Cross pegging can cause a new planned order to be generated earlier than necessary, leading to three significant consequences. First, a prebuilt planned order creates some short-term excess that must be stored somewhere. That is, unnecessary inventory is built up, which requires physically storage and all of the physical amenities required to maintain that inventory. Elimination (or even reduction) of cross-pegging thus reduces the physical space required for inventory.
A second disadvantage is that because planned orders are generated earlier than necessary, part sources that have a long lead time might not be usable. For example, an order must be shipped by air when it could have been shipped by boat. This has a tremendous impact on the environment as the carbon footprint of shipment by air is much larger than that shipped by boat. Elimination (or even reduction) of cross-pegging thus has implications on reducing negative environmental impact by changing the mode of shipping to a mode that reduces the adverse effects on the environment.
A third issue is that since we are running the trial on the earlier date, we consume input supplies and constraints on lower level components earlier than necessary. When material availability is limited and/or constraints are overloaded, MLS might not be able to satisfy later processed demands on time when those demands could have been satisfied in an optimal solution.
The first problem can be solved by a post-processing algorithm called MLS smoothing algorithm which pushes the planned orders to later dates. However, MLS smoothing cannot change source selection: part source decisions are made in the MLS trials and no post-processing can remedy a wrong part source decision. MLS smoothing also cannot improve solution quality: trial available dates/quantities have been determined by the time MLS smoothing runs.
Systems and methods disclosed herein can solve the cross pegging issue of the MLS algorithm. If MLS needs to create a new planned order for a demand, the planned order would be on the same date as the demand. However, supply exchange would create the new planned order on a date later than the demand date. The new demand will exchange supplies with previous demands: the new demand can use supplies that were used by previous demands, and those previous demands would use the newly created planned order instead. With supply exchange, planned orders are created on dates when they are really needed. This prevents short term excess, and allows for correct sourcing decisions.

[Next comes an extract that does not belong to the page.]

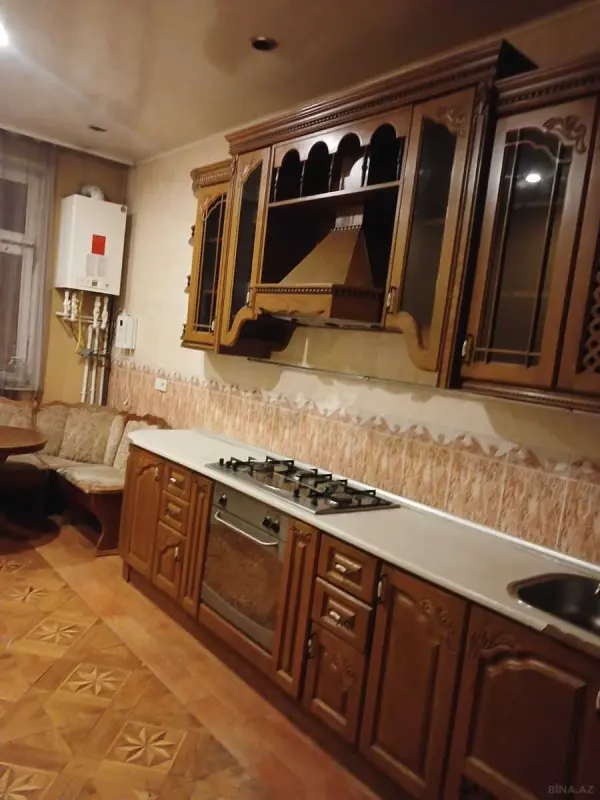 Kirayə verilir 3 otaqlı mənzil 150 m²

In one aspect, there is provided a computing apparatus that includes a processor. The computing apparatus also includes a memory storing instructions that, when executed by the processor, configure the apparatus to: process, by the processor, a new demand; consume, by the processor, one or more input supplies; mark, by the processor, a supply exchange; create, by the processor, one or more planned orders; execute, by the processor, one or more trials; and execute, by the processor, the supply exchange.
When marking the supply exchange, the apparatus can be further configured to: execute, by the processor, a first-pass supply exchange; execute, by the processor, a cascading supply exchange; and consume, by the processor, the one or more input supplies.
When executing of the supply exchange, the apparatus can be further configured to: execute, by the processor, consumption of input supplies and/or planned orders by one or more previous demand; execute, by the processor, consumption of remaining input supplies and/or planned orders by one or more new demands; and update, by the processor, a cross-pegging tracker. Other technical features may be readily apparent to one skilled in the art from the following figures, descriptions, and claims.
In one aspect, there is provided a non-transitory computer-readable storage medium, the computer-readable storage medium including instructions that when executed by a computer, cause the computer to: process, by the processor, a new demand; consume, by the processor, one or more input supplies; mark, by the processor, a supply exchange; create, by the processor, one or more planned orders; execute, by the processor, one or more trials; and execute, by the processor, the supply exchange.
When marking of the supply exchange, the computer can be further configured to: execute, by the processor, a first-pass supply exchange; execute, by the processor, a cascading supply exchange; and consume, by the processor, the one or more input supplies.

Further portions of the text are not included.